Court Opinion

ID: 9663898
Source: CourtListenerOpinion
Date Created: 2023-08-23 23:54:41.550663+00
Date Added: 2024-06-11T18:14:58.795027
License: Public Domain

McCALEB, Justice
(dissenting in part).
While I fully subscribe to all other views of the main opinion, I am not in accord with the ruling that, in applying the doctrine of lesion beyond moiety to an option contract, the date upon which the option is exercised governs instead of the date upon which the contract was made.
Article 2590 of the Civil Code, relied on by the majority, declares that, in ascertaining whether there is lesion, the property must be estimated “according to the state in which it was, and the value which it had at the time of the sale”. This, of course, is perfectly clear when applied in cases of ordinary sales. But it is to be borne in mind that, at the time of the adoption of our Code and, in fact, until the passage of Act 249 of 1910, amending Article 2462 of the Code, an option contract was foreign to our law. See Moresi v. Burleigh, 170 La. 270, 127 So. 624. And, *533while such contracts were not unknown to the courts, an examination of the jurisprudence will reveal that common law rules were employed in determining their validity. See Murphy v. Hussey, 117 La. 390, 41 So. 692 and Succession of Witting, 121 La. 501, 46 So. 606, 15 Ann.Cas. 379.
The pertinent portion of Article 2462, as amended by Act 249 of 1910 and Act 27 of 1920, declares: “One may purchase the right, or option to accept or reject, within a stipulated time, an offer or promise to sell, after the purchase of such option, for any consideration therein stipulated, such offer, or promise can not he withdrawn before the time agreed upon; and should it be accepted within the time stipulated, the contract or agreement to sell, evidenced by such promise and acceptance, may be specifically enforced by either party.”
It will be observed from the foregoing that, whereas an option is not converted into a contract of sale until it has been accepted, it is fully complete and binding as to the vendor from and after the date on which it is given; it is an irrevocable agreement by him to sell at the stipulated price during its life. Hence, it is different from a mere pollicitation or offer to sell which is binding on the vendor only when and if accepted by the grantee. Standard Oil Co. of Louisiana v. Milholland, 167 La. 707, 120 So. 59.

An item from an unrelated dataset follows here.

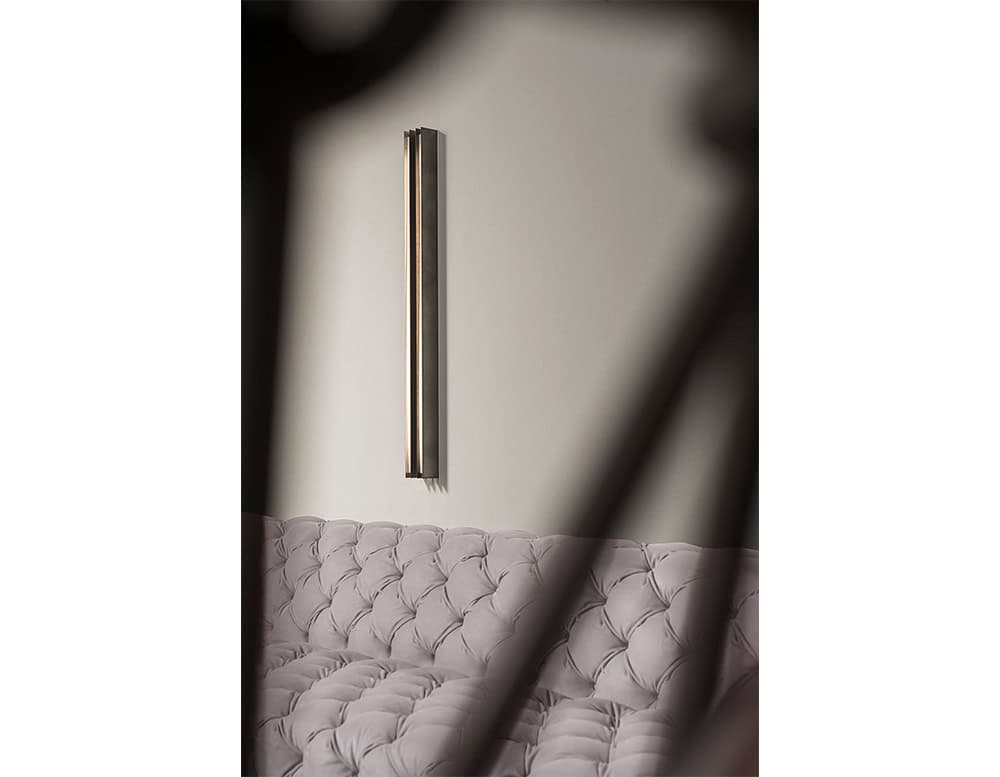 Bax Blade Wall Light features a sleek vertical bar mounted on a pale wall, casting soft illumination. Set above a tufted, plush sofa in a muted hue, the minimal light enhances the cozy and refined ambiance of the space.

In view of the fact that options were-unknown to our law at the time the Civil’ Code was adopted, it seems plain that Article 2590, in providing that the time of the sale governs in determining whether there has been lesion, is either inapplicable to option contracts or, if applied, is subject to interpretation. Adopting the latter method, in an effort to fit Article 2462 into the scheme of civil law, requires consideration of the fundamental reason for the doctrine of lesion. Lesion is based on implied error or imposition by-virtue of the inadequacy of the price. Hence, when Article 2590 states that it is to be estimated according to the value which the thing had at the time of the sale, it means nothing more than that the law will be applied for the protection of’ the vendor as of the date or time he made his bargain. This view is in conformity with Article 1871 of the Civil Code which declares that in all questions of lesion “the value of that which was the subject of the contract at the time of making it, is the rule by which the lesion is to be ascertained”. Article 1871 is, of course, to-be read and considered with Article 2590 as they are laws in pari materia.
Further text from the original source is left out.